I think the biggest compliment that I can give the Super Adventure Box is that I’m late in blogging about it.

Every available hour of mine was spent IN the box, playing like a madman, rather than have any leisure time to sit back and think/reflect/write about it.

How do I love thee? Let me count the ways:

1) Group AND Solo Friendly

I don’t actually run many dungeons in GW2. Having to hook up with 4 other players and perform up to a certain standard makes me a nervous wreck, because I take quite a long time to learn and master stuff. I am thus very overjoyed to find any sort of adventure instance that can be soloed as well as grouped, and am pleased to say all the new event instances are turning out this way.

The time I’m most open to grouping is when the place is new to all. My first taste of the Super Adventure Box was taken this way, with four other friendly guildies hooked up by voice chat, and I must say, this was one of the better ways to experience the SAB when one is new.

Five excited people running in all directions at once, hopping on anything that looked jumpable. A friend at your side to help distract mobs or circle around them for additional hits. Rabid bunny killing stirred up a bunado, with resultant chaos. The better jumpers able to lead the less sure ones along the path, and help them by dropping mushrooms. Additional eyes to discover secrets, and five person coordination to get sufficient keys and hit a chest at the same time.
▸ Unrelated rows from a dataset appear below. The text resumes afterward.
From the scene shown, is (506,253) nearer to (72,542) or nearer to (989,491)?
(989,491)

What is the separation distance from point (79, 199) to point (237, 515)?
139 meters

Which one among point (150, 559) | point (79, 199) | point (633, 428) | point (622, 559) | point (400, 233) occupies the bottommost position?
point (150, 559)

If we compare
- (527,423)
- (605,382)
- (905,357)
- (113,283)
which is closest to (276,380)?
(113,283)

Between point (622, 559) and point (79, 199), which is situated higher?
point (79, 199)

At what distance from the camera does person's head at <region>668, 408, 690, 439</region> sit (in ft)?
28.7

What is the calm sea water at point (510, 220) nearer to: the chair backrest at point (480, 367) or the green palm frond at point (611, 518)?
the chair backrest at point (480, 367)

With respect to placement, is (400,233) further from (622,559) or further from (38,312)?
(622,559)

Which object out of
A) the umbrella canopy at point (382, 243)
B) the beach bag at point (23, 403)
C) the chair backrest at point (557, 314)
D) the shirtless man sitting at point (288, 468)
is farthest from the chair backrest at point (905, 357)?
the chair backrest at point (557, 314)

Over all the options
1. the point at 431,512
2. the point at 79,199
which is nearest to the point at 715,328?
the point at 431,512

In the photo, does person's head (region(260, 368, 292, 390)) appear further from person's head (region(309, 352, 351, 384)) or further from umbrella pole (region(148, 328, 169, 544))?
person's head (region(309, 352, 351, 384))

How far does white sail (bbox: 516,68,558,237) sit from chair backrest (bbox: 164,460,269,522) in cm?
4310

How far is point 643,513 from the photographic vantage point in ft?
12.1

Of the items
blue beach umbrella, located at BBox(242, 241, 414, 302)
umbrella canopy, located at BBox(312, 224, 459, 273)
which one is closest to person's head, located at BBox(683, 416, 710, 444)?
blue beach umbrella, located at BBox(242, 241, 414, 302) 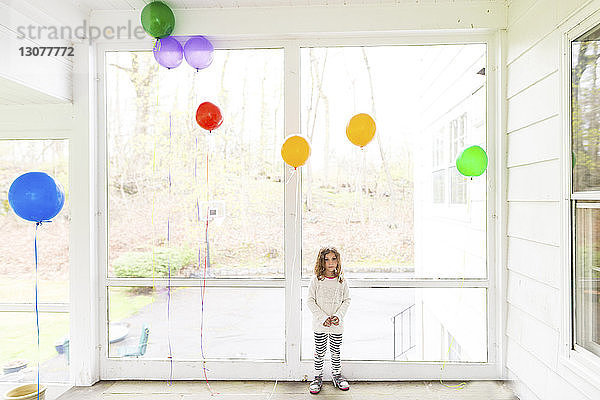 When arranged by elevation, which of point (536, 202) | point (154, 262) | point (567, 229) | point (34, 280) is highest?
point (536, 202)

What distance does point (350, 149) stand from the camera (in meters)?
3.45

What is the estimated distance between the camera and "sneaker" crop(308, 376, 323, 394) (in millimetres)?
3166

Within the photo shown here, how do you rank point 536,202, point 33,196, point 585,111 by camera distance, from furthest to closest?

However, the problems of a group soon become evident as well. Different playstyles threaten to clash. We had one member who was a very good jumper and looked very interested in finding out every last secret of an area – this made him very late to any checkpoint. I consider myself a not-terribly good jumper, but also highly interested in finding out every last secret, so I alternated between falling behind and getting a little lost, joining two or three other guys at the checkpoint and milling around restlessly, and then cheerfully running out of there at the first call of the other explorer saying that he found something. Two other members seemed to be good or average jumpers, but also basic Achievement-focused, so the moment they saw a bright shiny checkpoint, they wanted to be there, rather than killing every last mob in the area. And the last was a not-terribly-great jumper either, so he too shared some of the embarrassment of being the last one to a location – for which I was fairly thankful, else it would have been me all the time.
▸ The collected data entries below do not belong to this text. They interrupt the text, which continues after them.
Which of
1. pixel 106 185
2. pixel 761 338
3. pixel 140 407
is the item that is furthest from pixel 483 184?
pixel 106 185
The difference in priority could be seen at the area with two checkpoints. Three members were happy to chill out at the lower checkpoint, while the two secret hunters were eager to see what the upper checkpoint was like. This resulted in us taking some 40-60 minutes a zone, and eventually stretched the schedule limit of a number of party members, who ended up tiring of the endless jumps (and the increasing difficulty making more folks fall) near the third zone, where one or two of us were attempting the series of bouncing mushrooms that eventually would lead to the elite skill Moto’s Breath, though we didn’t know it at the time. The party broke up one checkpoint shy of King Toad.

After that, I was content to solo my way through the Super Adventure Box. It gave me a better sense of control. I could obsessively dig up every last inch of ground without feeling like I was holding up someone. It’s more of a personal challenge that way too, as you and solely you are responsible for timing your attacks and movement just right and reading and avoiding the attack patterns of the mobs. I think I spent some 7 hours in there exploring before looking up any guides – so it’s good that I didn’t force anyone else to do this with me.

I did a basic run through all the zones with infantile mode turned on, just so I could see the whole thing, kill King Toad and get the lay of the land.

Getting comfy with King Toad's patterns on rainbow easy mode.
Getting comfy with King Toad’s patterns on rainbow easy mode.

It netted a heart increase, which was nice.

Then I spent some 2-3+ hours covering each zone with a fine tooth comb, also on infantile mode, working my way through the secret room and every last bauble achievements. Zone 1 was completed with no guide reference, and I gave up after some three attempts at zone 2 – first I missed a whole lot of baubles that I didn’t know existed, then the last bauble at the shortcut worm’s end stumped and taunted me, then I missed -one- secret room on my most comprehensive hours-long zone sweep (cue immense immense rage.)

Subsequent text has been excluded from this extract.